───── Supplied data ─────

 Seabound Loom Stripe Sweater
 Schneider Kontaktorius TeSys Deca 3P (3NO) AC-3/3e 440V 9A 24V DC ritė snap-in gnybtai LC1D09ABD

─────
───── Supplied data ─────

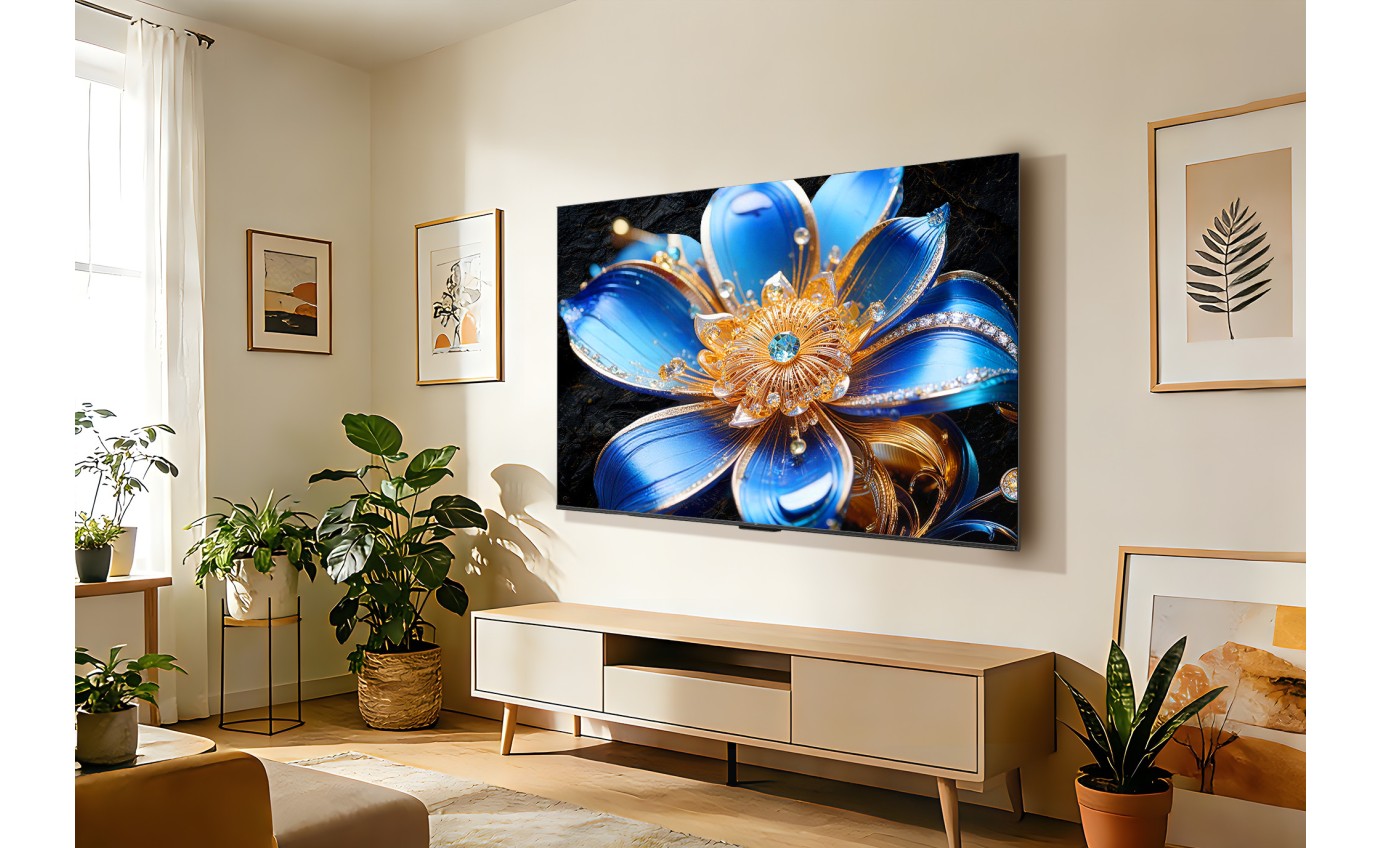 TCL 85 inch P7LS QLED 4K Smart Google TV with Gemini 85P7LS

─────

Task details »
Extract from the listing above the lines between the line containing "Seabound Loom Stripe Sweater" and the line containing "Schneider Kontaktorius TeSys", keeping both of those lines. Output nothing else.

Solution to this exercise »
 Seabound Loom Stripe Sweater
 Schneider Kontaktorius TeSys Deca 3P (3NO) AC-3/3e 440V 9A 24V DC ritė snap-in gnybtai LC1D09ABD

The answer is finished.